Outcome 1: Student work will clearly reflect an understanding of sustainability as a transdisciplinary concept that integrates the environment, ethics, and economy.

Goal 3: Students will demonstrate the ability to integrate and synthesize interdisciplinary research while at the same time showing competence in written and spoken presentation.

Outcome 1: Students will comlete a Capstone experience on Environmental Assessment that incorporates a field research project.

Outcome 2: As a writing intensive course, students will incorporate a series of iterated writing assignments and multiple opportunities for formal oral presentation.

Goal 4: Students will develop collaborative skills, through community building, cooperative teamwork, and interaction with stakeholder processes that can lead to strategic involvement in real-world sustainability decision making.

Outcome 1: Students will experience a Capstone experience in environmental assessment where they conduct cooperative field research and prepare a collaborative project outcome, while engaging in reflective reading, writing and analysis based on collaborative team work.

Outcome 2: Students will develop collaborative decision-making skills in strategic involvement in real world issues and interact extensively with stakeholder processes grounded in real world policy setting and decision making.

Requirements of the Major
  1. Transfer students who have 48 or more credits accepted at the time of transfer are waived from the courses marked with a (W) below.

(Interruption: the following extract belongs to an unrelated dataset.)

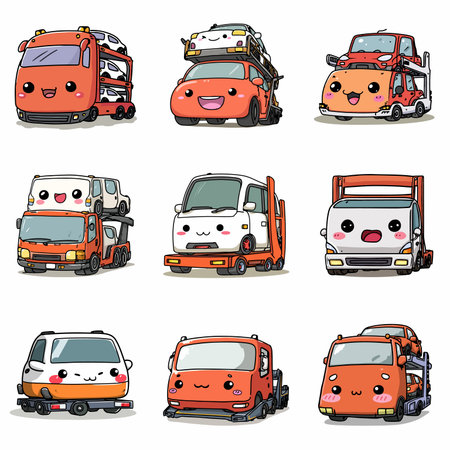 A complete illustration of a Car transporter, cartoon kawaii style. Simplified silhouette shape, Same style as style reference, thick continuous vector outlines, clean stroke, high contrast, simple flat colors, large solid uniform color blocks, white background. Single character centered.のイラスト素材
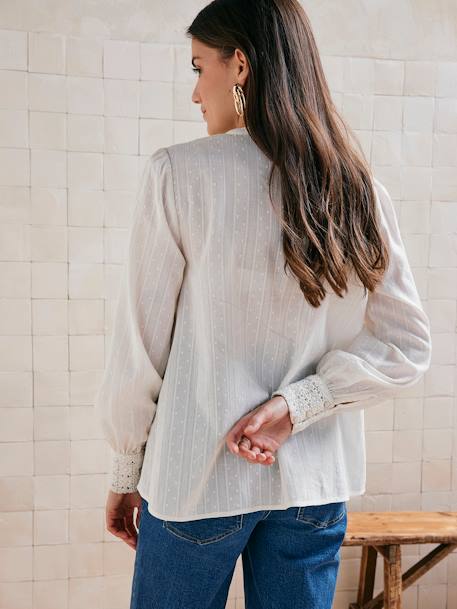 Blusa con efecto bordado para embarazo y lactancia blanco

Waivers do not apply to Major Requirements.
  2. Double counting between General Education, School Core, and Major may be possible. Check with your advisor to see if any apply.
  3. Writing Intensive Requirement (five courses):  two writing intensive courses in the general education curriculum are required: Critical Reading and Writing II and Studies in The Arts & Humanities the other three courses are taken in the major.
  4. Not all courses are offered each semester.  Please check the current Schedule of Classes for semester course offerings.
  5. The Career Pathways Program requirements must be completed prior to graduation.  Visit the Cahill Career Center.

Note: A 2.0 GPA in the major is required for graduation.

Requirements of the Minor

At least half of the courses fulfilling a minor must be distinct from the student’s major. That is, three of the five courses required for a minor cannot be used towards fulfillment of major requirements. A school core does not need to be completed for a minor. Minors are open to students regardless of school affiliation.